I'm not sure how exploitable that kind of vector really is, but it is something we should really double-check.
Currently, the CSP for the HTML Proton will receive would be something like
content-security-policy: default-src 'none'; media-src *; img-src *; style-src http://*.wikipedia.org https://*.wikipedia.org 'unsafe-inline'; frame-ancestors 'self'
I guess we could further restrict the CSP for proton and rely on chromium for securing where it can go.
IMO a stronger upstream CSP is nice to have but relying on just that is fragile; it is too easy to change it at the source without understanding what effect that will have on Proton. Whatever filtering is used should ideally be more self-contained than that.
Other options that were raised:
- Set up some lightweight standalone proxy, force all requests through it (use the --proxy-server Chromium option in Puppeteer), and do the filtering there. Easy but one more moving part.
- Use Puppeteer's request interception mode to abort non-whitelisted requests, as Piotr said above. Very easy and means URL filtering code is in the same place as the rest of Proton. The question is, how reliable is the Proton code? The have tests for request interception, so it's probably OK to rely on it not breaking without anyone noticing.
- Inject CSP within Puppeteer? I seem to recall this being mentioned in some discussion, but at a glance it does not seem possible.
If we can do a combination of a stronger CSP (limit images/media to the wiki domain + uploads) and request interception, I think that would be pretty robust and still easy to do.

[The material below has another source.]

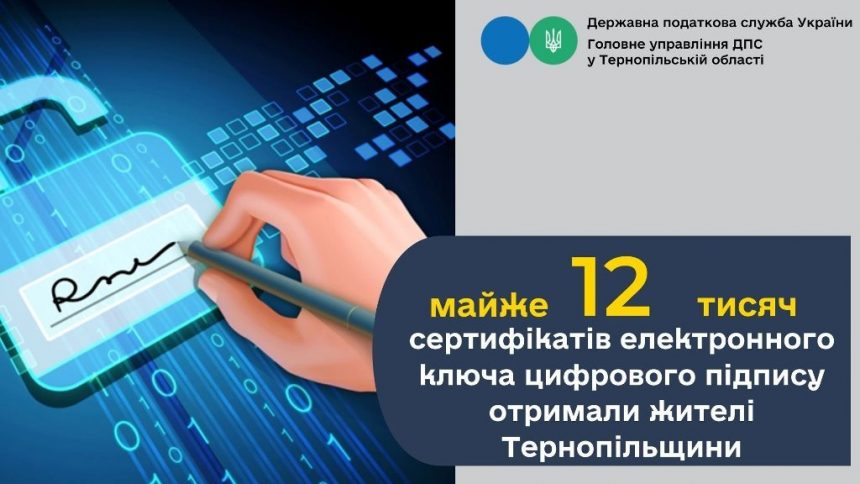 Сертифікати електронних ключів усе популярніші серед жителів Тернопільщини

Regarding stronger CSP, we might need a bit of an investigation. We definitely do not want the CSP to vary by user agent, so we need to look how narrow we can make the CSP without breaking anything. I think wikidomain + *.wikimedia.org + wikidata (just in case) should work well. I'll look into it.
I agree that varying CSP by UA is non-ideal – it's fragile and yet another moving part (it'd have to be implemented in Varnish, right?).
We could actually inject the CSP using the very same request/response interception mechanism in Proton: intercept all requests and test them against a whitelist, and intercept all responses and override the CSP header. This has the advantage that all related code is in one place, as @Tgr states above.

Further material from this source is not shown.